Illinois lawmakers send message to new GOP governor by rejecting anti-union proposal
Illinois governor Bruce Rauner (Metropolitan Planning Council/Flickr)

Illinois Democratic lawmakers rejected their own right-to-work bill on Thursday in a symbolic vote meant to send a message to Republican Governor Bruce Rauner, who says he wants union membership to be voluntary.

Powerful House Speaker Michael Madigan sponsored the designed-to-fail bill, which House Republican Leader Jim Durkin decried as a "sham" aimed at undermining Rauner's call for bipartisan solutions to Illinois' deep financial crisis.

The count was along party lines in the Democratic-majority House with 72 "no" votes, zero "yes" votes and 37 members voting "present."

The proposal to allow cities and counties in Illinois to establish themselves as right-to-work zones was based on language in Rauner's "turnaround agenda," which he has been pushing since he took office in January.

Madigan has said he wanted the vote to force the governor's office to file a bill that would spell out a more clear proposal on an issue Rauner has been pushing, according to local media. Republicans have said they are working on the issue in a bipartisan group.

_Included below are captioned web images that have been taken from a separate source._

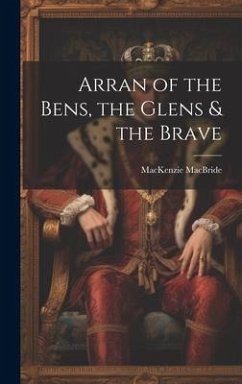 Arran of the Bens, the Glens & the Brave - Macbride, Mackenzie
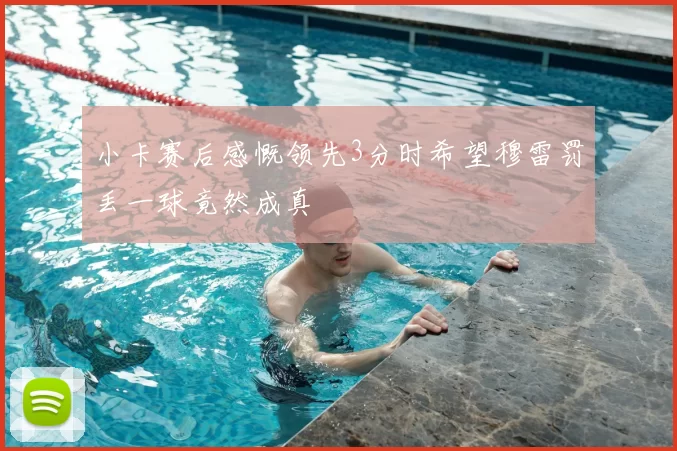 小卡赛后感慨领先3分时希望穆雷罚丢一球竟然成真
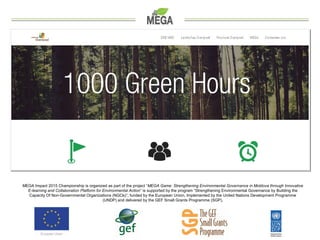 MEGA Impact 2015 Championship is organized as part of the project “MEGA Game: Strengthening Environmental Governance in Mo...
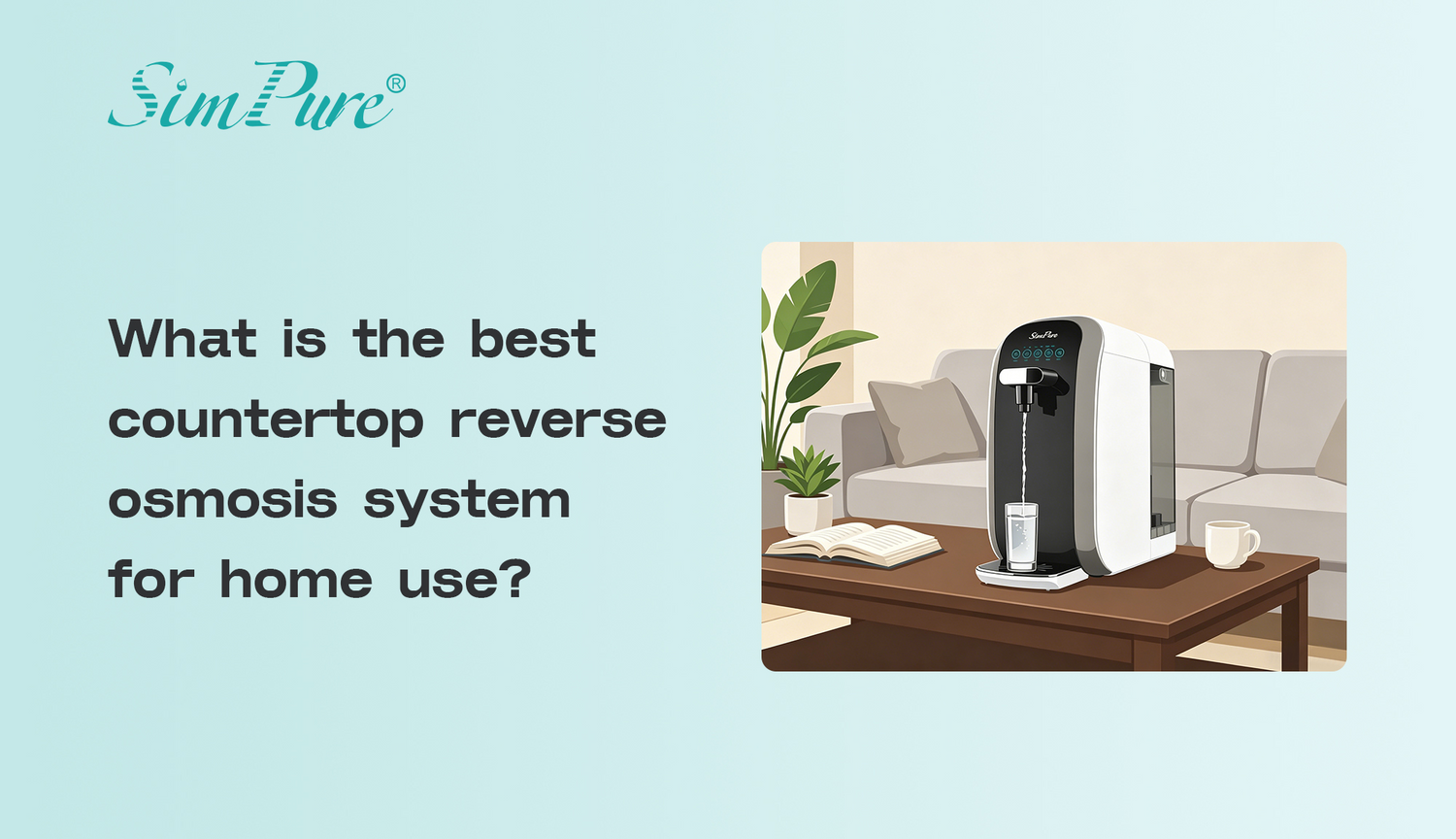 What Is the Best Countertop Reverse Osmosis System for Home Use? (2026 Honest Guide)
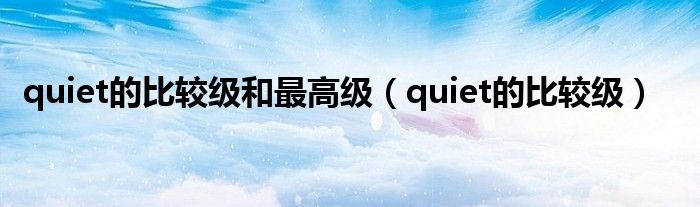 quiet的比较级和最高级（quiet的比较级）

Chicago already has pre-empted Rauner, passing a resolution last week against right-to-work in the third biggest U.S. city.

Twenty-five states have such laws, which Republican-controlled legislatures have supported, saying they attract business and encourage economic growth.

Critics say they undermine unions - by allowing workers to opt out of membership and out of paying dues - and will lead to a deterioration in wages and compensation.

Rauner, a wealthy businessman serving in public office for the first time, has been touring the state to sell his so-called turnaround agenda, aimed at curing a massive financial crisis. He argues that making union membership optional would attract investment to the state, boosting jobs and revenue. Illinois has the worst credit rating of any U.S. state, and Moody's credit rating agency just cut its evaluation of Chicago's debt to "junk" status, which will make it hard for the city to raise funds.

Chicago, home to one out of five Illinois residents and a heavily unionized workforce, last week rejected the idea of establishing a right-to-work zone.

When Rauner spoke before the Chicago City council last week, the first time a sitting governor of Illinois has ever addressed Chicago aldermen, the council greeted him by adopting a resolution rejecting right-to-work rules.